Les rappeurs affichent également avec insolence leur obsession à vouloir faire du fric, vite et tout de suite, à moins qu’ils ne soient tout simplement un peu moins hypocrites que beaucoup d’autres artistes. Mais ces rappeurs, sont-ils des ex-pauvres ou des nouveaux riches ? Question d’une importance extrême à la quelle on ne peut pas répondre sans avoir la tentation de tricher. D’abord, que réclame un ex-pauvre quand il est signé pour une maison de disques ? « Au lieu d’éplucher son contrat, il demande de l’argent liquide, cash », dit d’expérience, Maurice Elbaz, Directeur Général de FTG. 

Pendant plusieurs années, ce rap n’a pu évoluer qu'en se mêlant à d'autres genres musicaux locaux comme le chaâbi, le raï et d'autres styles plus occidentaux comme la soul, le funk, le reggae, le hard rock, la musique folk, ou le jazz...Il persiste encore une grande résistance culturelle à ce mouvement[3]. Le rap marocain confirme progressivement sa propre personnalité, oscillant d'une part entre revendications sociopolitiques pour les uns, messages positifs voire festifs ou encore une tentation commerciale pour les autres[4].

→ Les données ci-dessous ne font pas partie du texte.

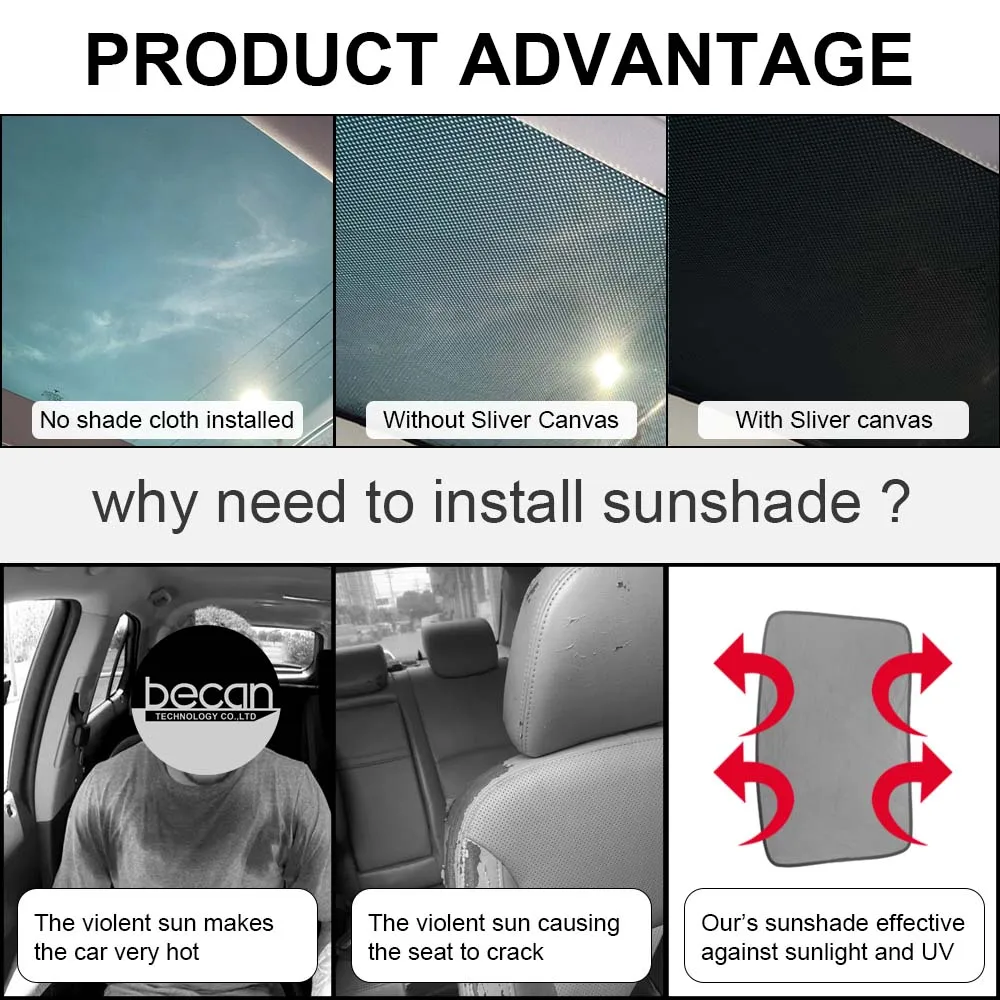Sunroof Skylight For Tesla Model 3 Y-Split Upgrade Buckle Sunshade Sun Shades Glass Roof Front Rear Blind Shading Net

Histoire, évolution, technologie croissante et diffusion du hip hop au Maroc

L'accès à de nouveaux logiciels toujours plus perfectionnés, tels que samplers et séquenceurs, offrent des possibilités techniques et artistiques jusque-là inédites aux disc-jockeys, qui distillent des sonorités, des rythmes et des mélodies auparavant imperméables aux rappeurs. L'introduction de ces sampleurs porte à évolution la manière dont le rap est produit. Un échantillonneur permet d'enregistrer et de stocker numériquement des petits passages sonores provenant de n'importe quel appareil disposant d'une sortie électrique, comme une platine-disque. Les producteurs ont donc pu échantillonner les sons de batterie des albums de leur jeunesse. Plus important encore, ils sont en mesure de "sampler" des sons de cuivre, de basse, mais surtout d'instruments traditionnels marocains en ajoutant leurs rythmes. Et le rap parvient progressivement à arriver à une orchestration au grand complet.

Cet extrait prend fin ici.